The black and white stripes of Newcastle United shirts peppered the 45,000-strong crowd at Finsbury Park, although those wearing them weren’t there for a football match. In appropriately rowdy fashion, northern pride had descended on London with the colours of Sam Fender’s local team adorning the venue (the musician was born and raised in North Shields, just miles from Newcastle).

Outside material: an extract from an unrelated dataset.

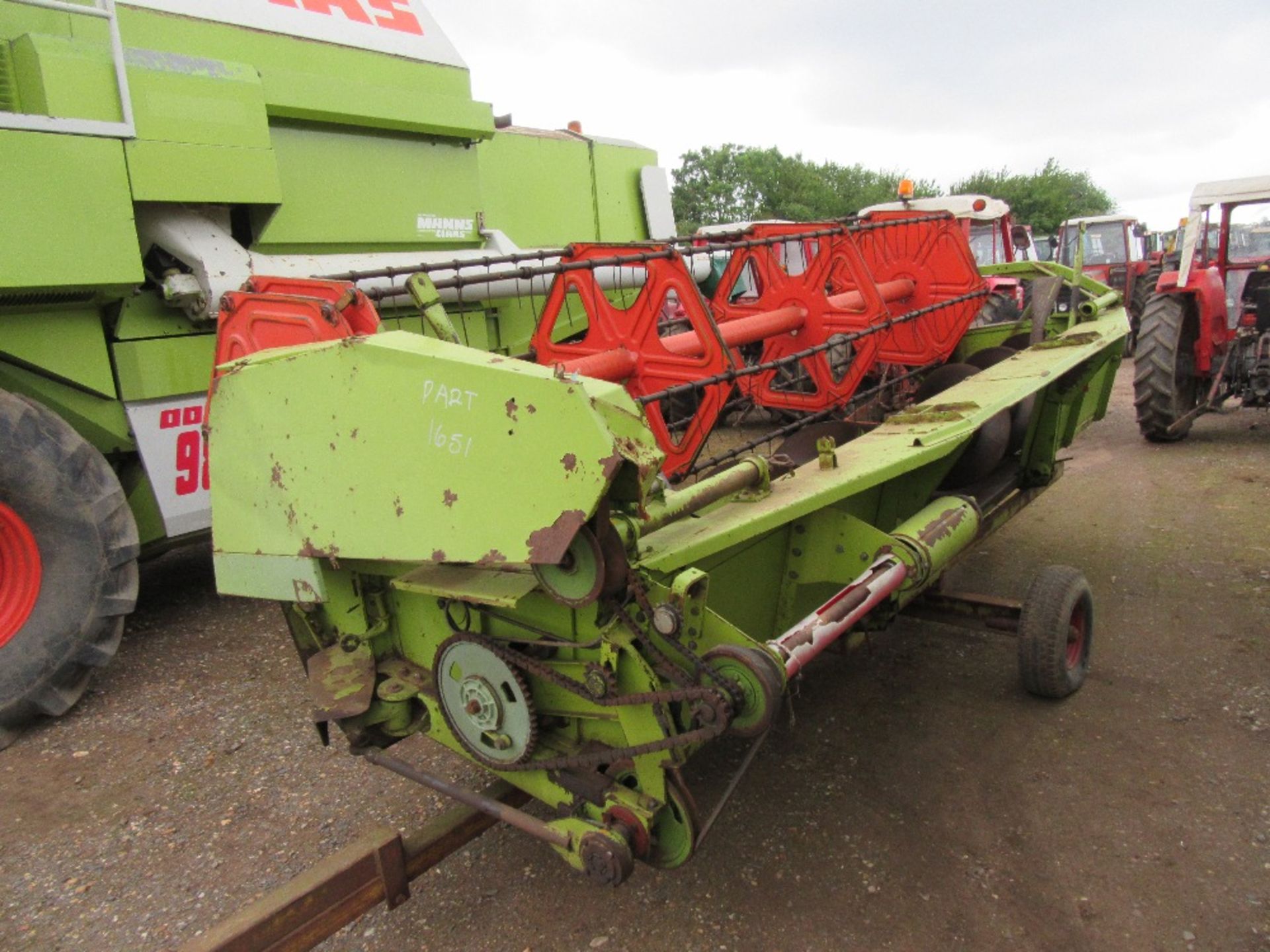 Claas 86 Dominator Combine with 15ft Header - Image 4 of 8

Fender kicked off his riotous set with “Will We Talk?” from his 2019 album Hypersonic Missiles before smashing confidently through “Getting Started” from 2021’s Seventeen Going Under and “Dead Boys” from a 2018 EP. He and bandmates Dean Thompson, Tom Ungerer, Joe Atkinson, Drew Michael and Johnny Davis played with an exuberance that felt appropriate for their biggest show yet. Fender’s voice, though rough and rasping, rang through with slick and soulful purpose.
After making his Glastonbury debut last month, this was another step up, but the 28-year-old is determined to stay grounded. He turned his Brit Awards into beer pumps at his local pub and — in tribute to the landlord, who passed away earlier this year — he named this event’s second stage the John O’Keefe Low Lights Stage.
Posters advertising the gig portrayed Boris Johnson as a cartoon hog roasting over an open fire. Fender has been outspoken in the past about his hatred of the Tories. This sentiment came through in “Aye”, as he sang, “I don’t have time for the very few/They never had time for me and you.”
Among the highlights was the live debut of “Alright”, which he had shared on social media the night before, Fender commenting that it is “about growing up and the theme of cheating death”. Gentler than many of Fender’s best-known songs, “Alright” is laced with a loneliness that may be born of lockdowns, but it is also imbued with hope and resolution: “We’re alright, we’re alright, it’s time to put the world to rights.”
As the sun set over Finsbury Park, Fender closed the show with two powerhouse numbers, “Seventeen Going Under” and “Hypersonic Missiles” in the encore, introspection giving way to joyful defiance. Fender is shooting for the heavens.